Perché, mi sono chiesto, ad un certo punto l’infosfera come se posseduta da un medesimo intento oppure come organizzata da una medesima regìa, viene travolta da questo flusso di orrore contemporaneo? Pur dribblando opportunamente ogni ipotesi complottista e considerando questo come un fenomeno spontaneo e non guidato, come leggerlo psico-socialmente, secondo quali sequenzialità causali, motivazionali, finalistiche?
La prima associazione che mi è comparsa in mente è stata quella dell’aggressività del marketing più speculativo e amorale che prova a svendere la propria merce finanziaria spazzatura al cliente-pollo in difficoltà (il caso delle agenzie di prestiti), o che prova a ripulire gli enormi capitali illeciti delle economie mafiose e para-mafiose (come nel caso dei compro-oro o delle sale slot e bingo). Eh già, questo spiegherebbe molti degli stessi fenomeni che accadono anche sul web e nell’informazione web, ma non tutti: il web non segue le stesse regole.
Non è immediatamente comprensibile ad esempio cosa sponsorizzerebbe l’orrore, cosa aiuterebbe a vendere, come modificherebbe l’atteggiamento percettivo e cognitivo del consumatore di immagini e informazioni tal da consentire la necessaria manipolazione commerciale.
Forse qualche solone del marketing ha scoperto che l’industria del porno sta andando verso una crisi e sta cercando altre strade creative per iperstimolare il consumatore, per schockarlo, per scuoterlo, per rapire la sua intorpidita attenzione?
Forse le insospettabili testate nazionali che hanno dato la stura a questo fenomeno hanno capito che centinaia di migliaia di click (e pubblicità a seguire) sui loro ignobili snuff movies, valevano bene il chiudere un occhio, ma anche due, su qualunque residuale scrupolo etico?
O forse ancora, qualche gigante della neuroeconomia ha scoperto l’ennesimo tranello nel quale far cadere il nostro cervello affinché si disinneschino le funzioni corticali?
Non so, mi astengo da un giudizio definitivo, continuo a sorvolare la questione con il mio cui prodest acceso e vigile
Sul web però, come detto, ci sono altre regole, riguardo la comunicazione e il marketing, e lo stiamo ancora scoprendo via via che lo frequentiamo e ne comprendiamo i meccanismi. Il recente e discusso esperimento di psicologia sociale condotto proprio su Facebook conferma (più che dimostrare) che esiste una qualche forma specifica di contagio emotivo rilevabile sui grandi numeri e legato alla manipolazione di infinitesime variabili come la prevalenza di certe parole su altre.
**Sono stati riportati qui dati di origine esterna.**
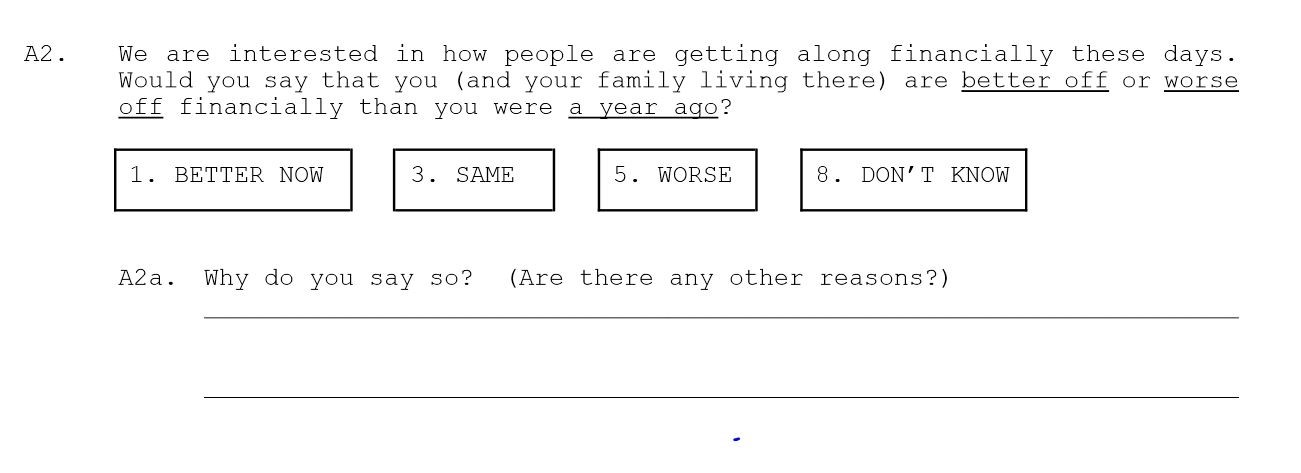Sample survey question for consumer sentiment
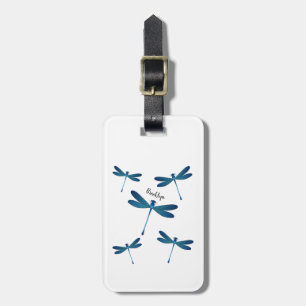 Dragonfly cartoon illustration luggage tag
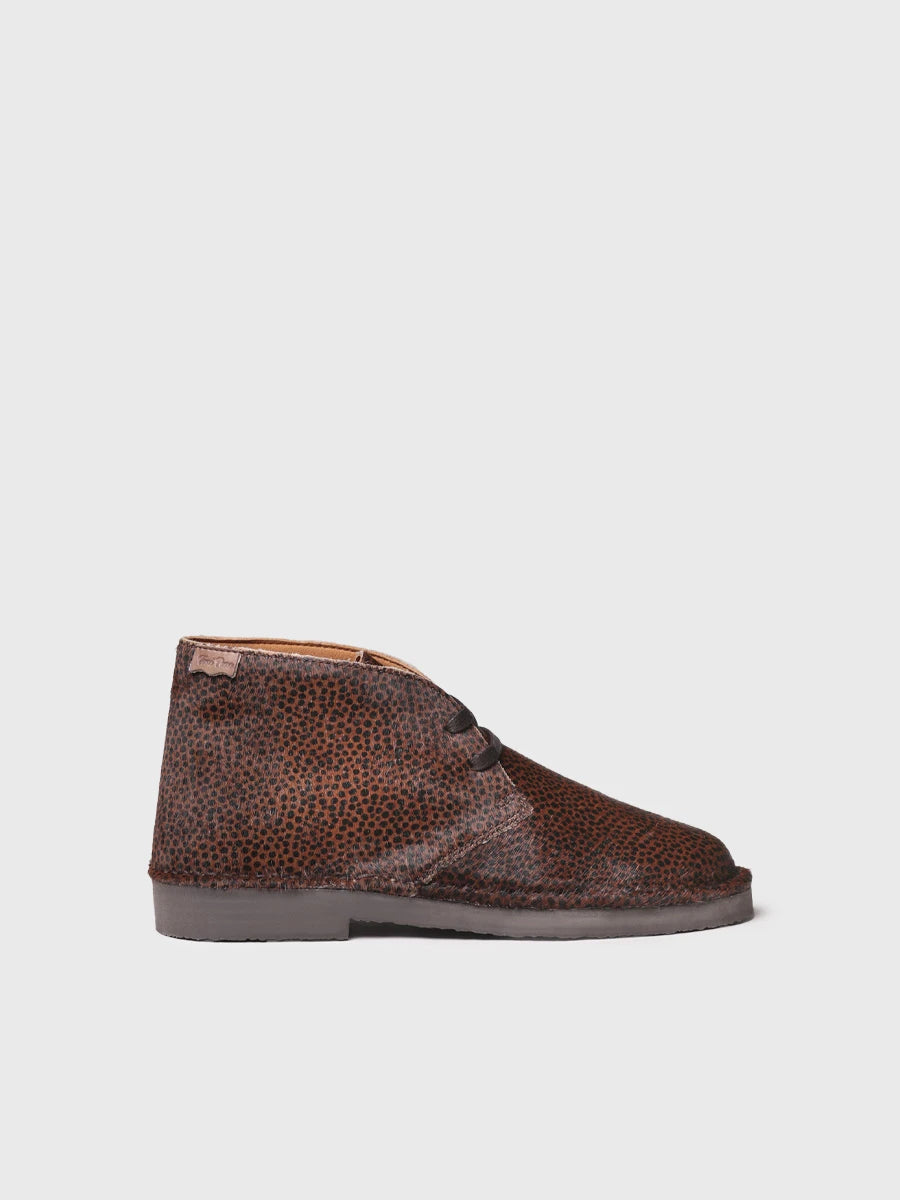 Women's leather ankle boot with polka dot print | IVETTE-JG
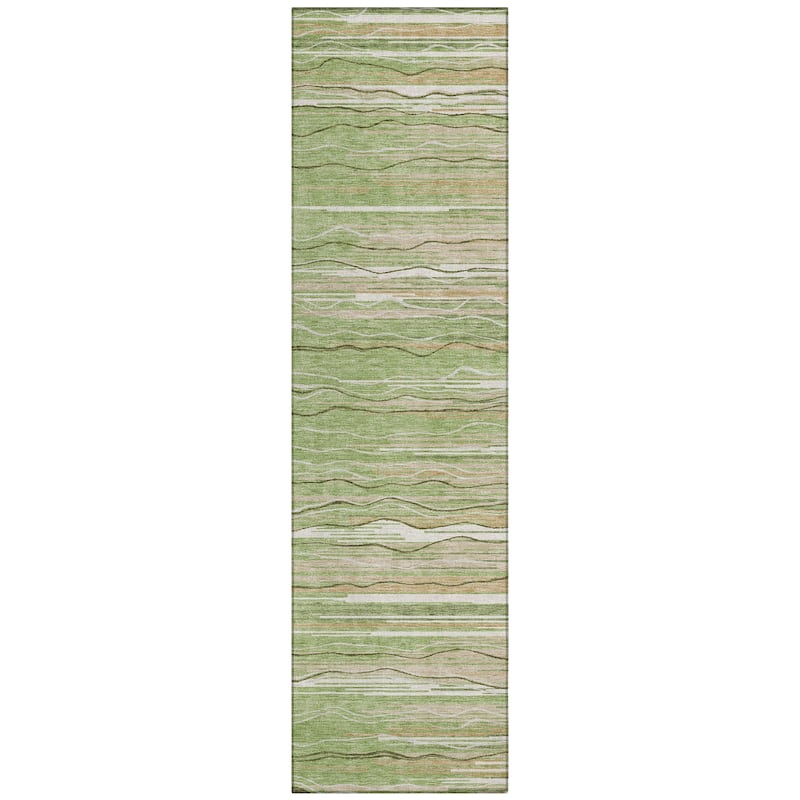 Machine Washable Indoor/ Outdoor Modern Stripe Chantille Rug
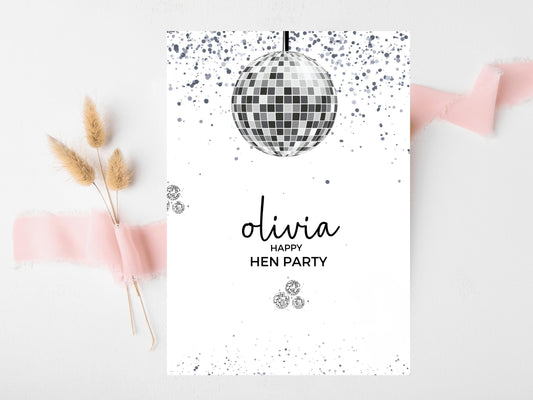 Happy Hen Party Card/ Personalised Silver Disco Ball Hen Party Greetings Card/ Team Bride Bridal Shower/ Last Disco Bachelorette Card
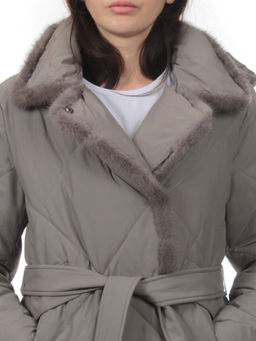 309 GRAY Пальто зимнее стеганое женское (200 гр. холлофайбер, натуральная норка) - Fashion фото 4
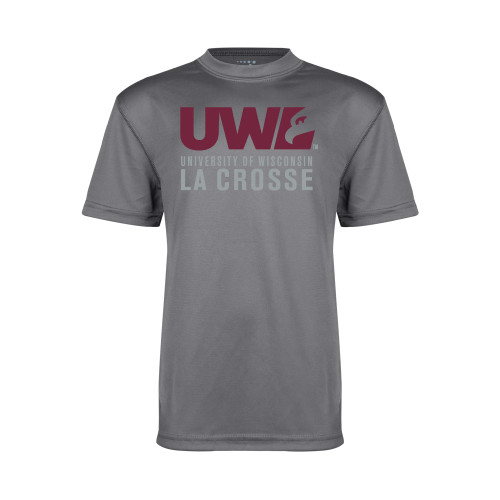 Youth Performance Grey Concrete Tee - UWL University Name Spirit Mark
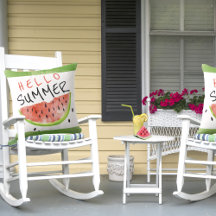 Hej Summer Watercolor Watermelon Grönt White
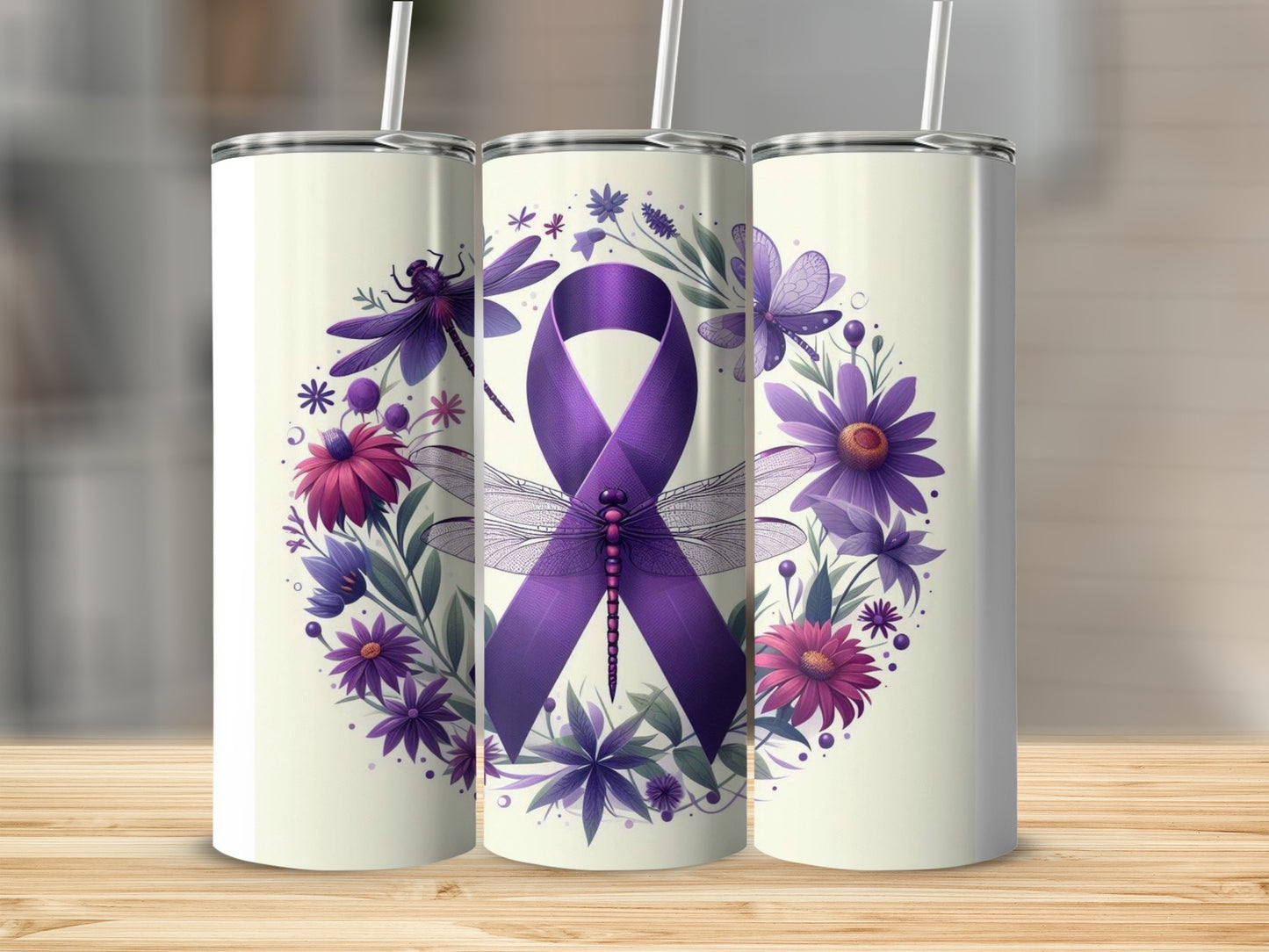 Purple Awareness Ribbon Floral Dragonfly Tumbler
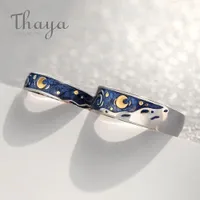 مع الحجارة الجانبية Thaya van Gogh's Monamel Roons Sky Star Moon S925 Silver Glitter Rings خاتم الخطوبة مجوهرات الزفاف للنساء 230301
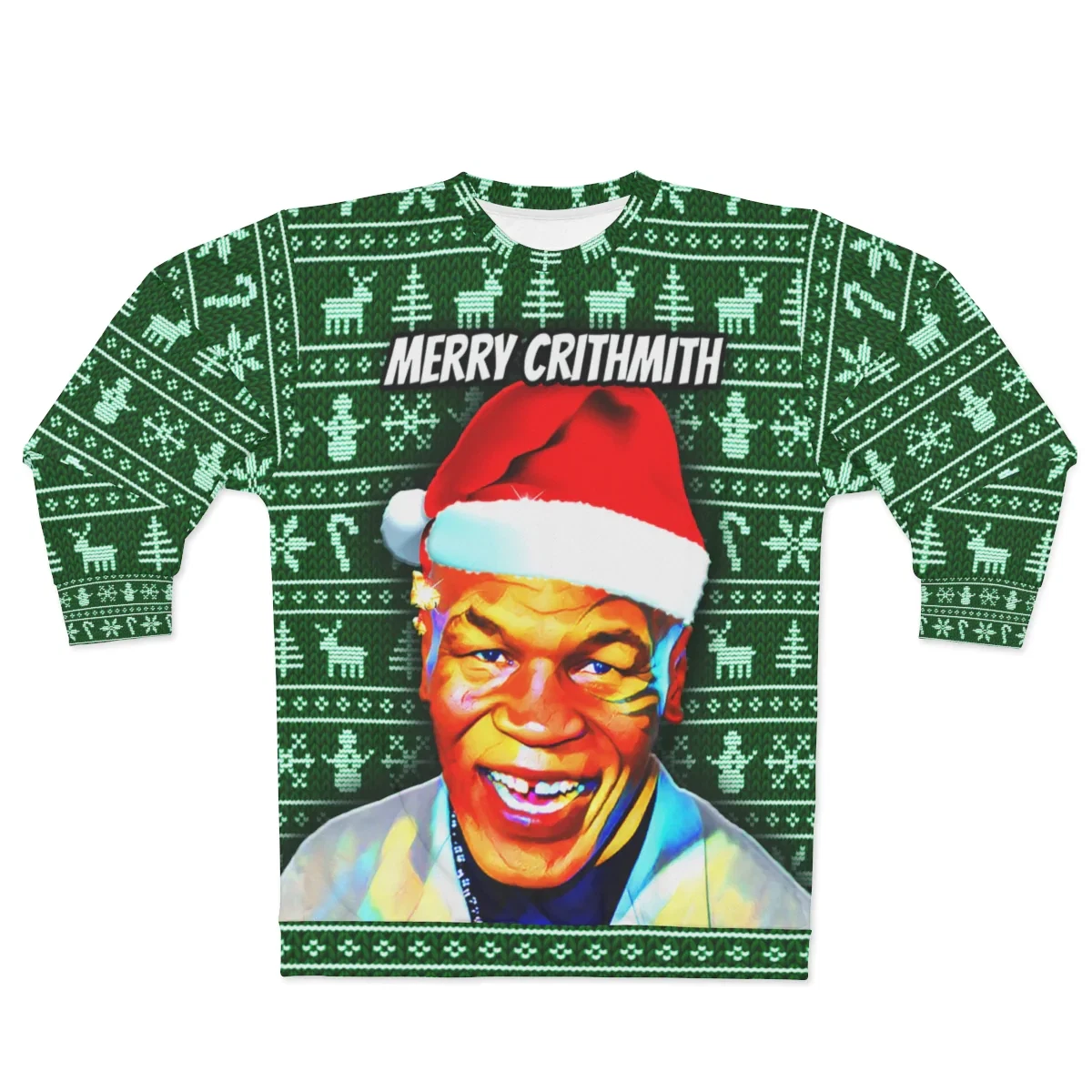 Mike Tyson UGLY CHRISTMAS SWEATER “Crithmith” Lisp Funny Xmas Party Sweatshirt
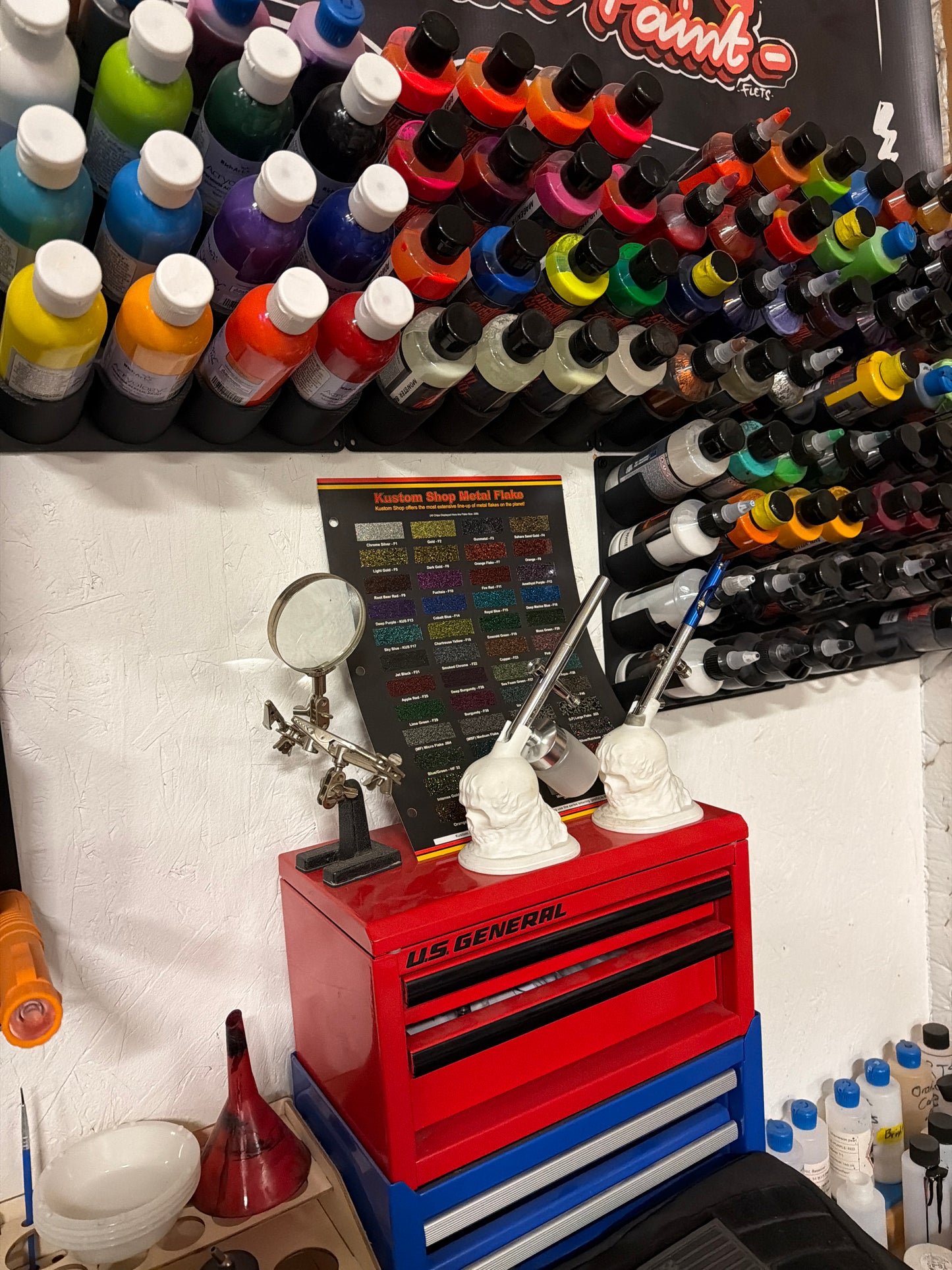 Rack Stand for airbrush paint holds 16X  4-5oz bottles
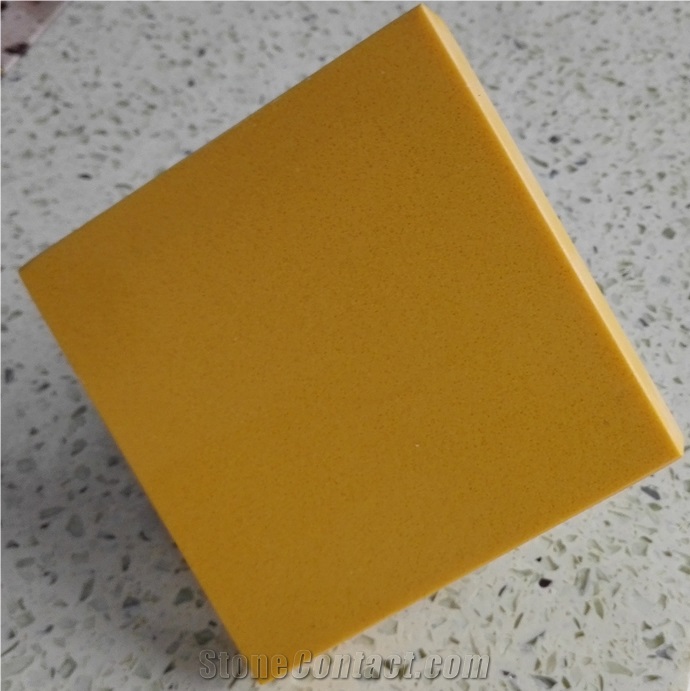 Pure Yellow Artificial Quartz Stone Slab & Tile Engineered Stone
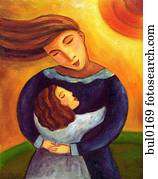 A mother and child hugging A mother and child hugging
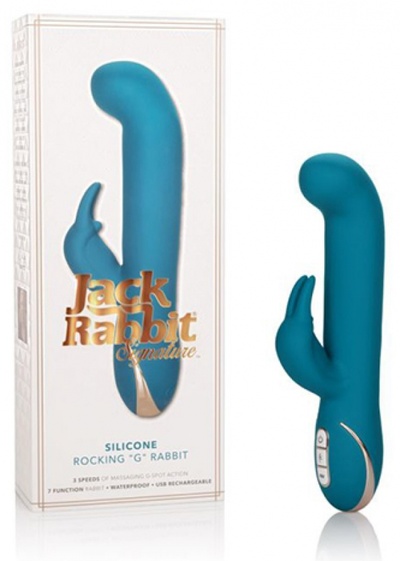 Вибратор с усиленной стимуляцией точки G Calexotics Jack Rabbit Signature Silicone Rocking "G" Rabbit - голубой California Exotic Novelties 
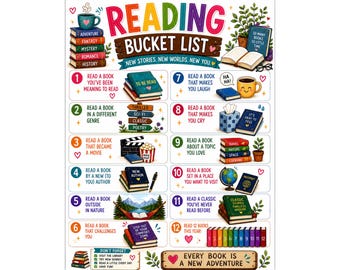 Lista de lectura para niños (imprimible) / Seguimiento del reto de lectura / Actividad para amantes de los libros / Descarga instantánea en PDF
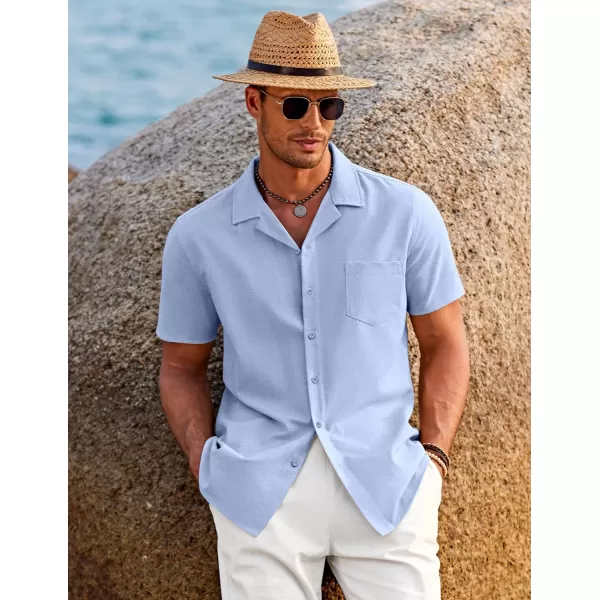 COOFANDY Men's Casual Button Down Shirts Short Sleeve Linen Beach Shirt Cuban Vacation Textured Shirts with Pocket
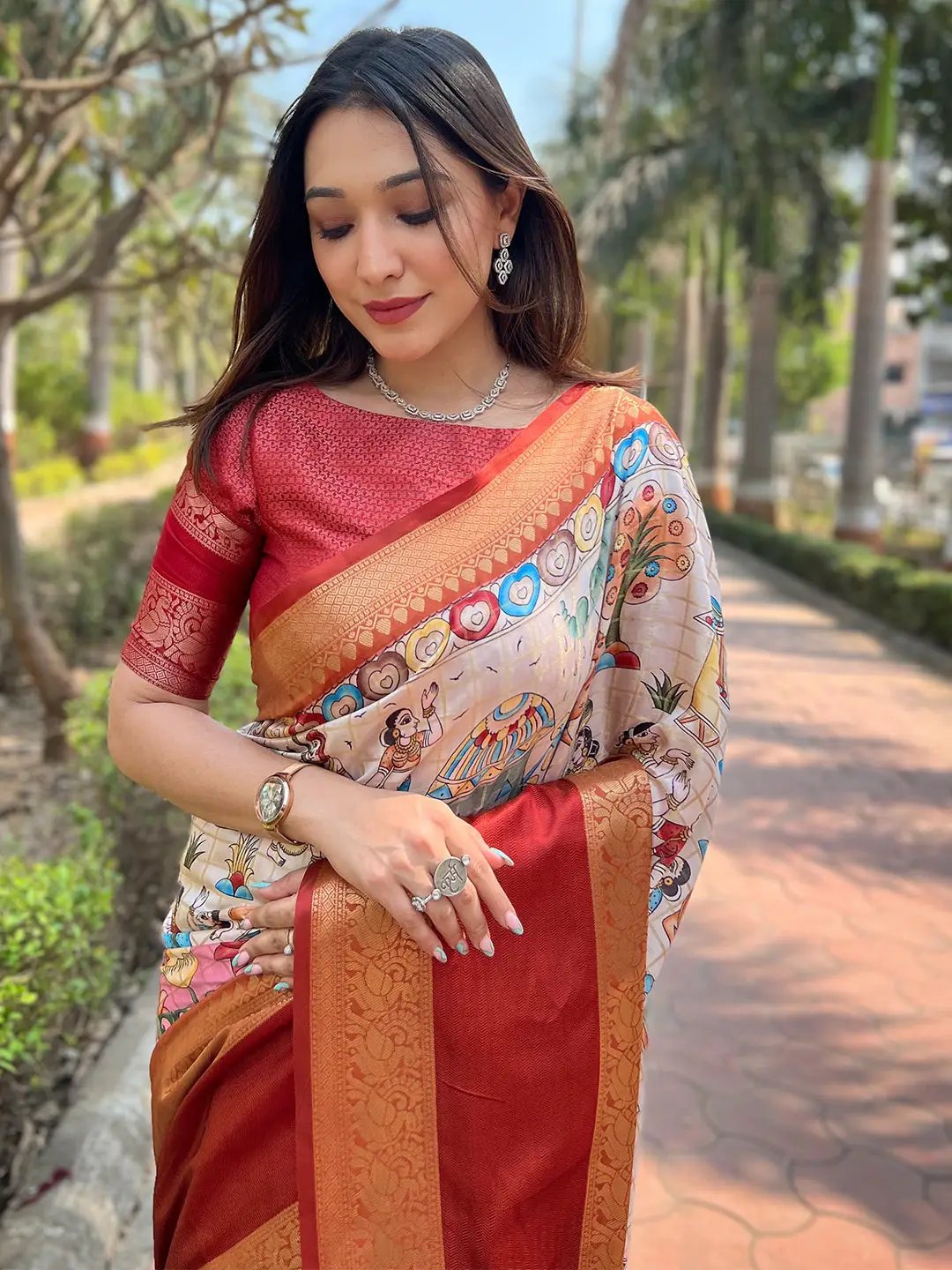 Beige Colour Double Border Chex Weaving Banarasi Soft Silk Saree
In altre parole, gli utenti di Facebook in una loro non indifferente percentuale, si comportano come quei sistemi sciamanti dove le singole unità dello sciame trasmettono automaticamente, come in un arco riflesso, ai propri vicini lo stato emotivo senza elaborarlo.
Per usare una metafora etologica del contagio, immaginate i banchi di sardine o certi stormi di uccelli che creano nuvole cangianti in funzione di alcune variabili ambientali (minacce o altro), o per usare una metafora antropologica, pensiamo ai noti fenomeni della hola allo stadio, oppure l’applauso, o la risata delle laff-box della tv spazzatura, o anche del panico della folla durante un incendio in un cinema. Parliamo di stati emotivi primari che si attivano più o meno in maniera automatica, precorticale.
Ed ecco quindi che posso direttamente testimoniare di tante (troppe) care persone, pacifiche, amorevoli e socialmente impegnate, miei contatti su Facebook, che si trasformano irriflessivamente e in un microsecondo in passive casse di risonanze di qualunque obbrobrio e oscenità gli venga sottoposto. Il tutto ammantato dalle buone intenzioni di diffondere pedagogicamente l’informazione necessaria a mobilitare le coscienze e a fermare proprio quell’orrore che loro stessi stanno diffondendo. Una paradossalità che somiglia molto ad una trappola.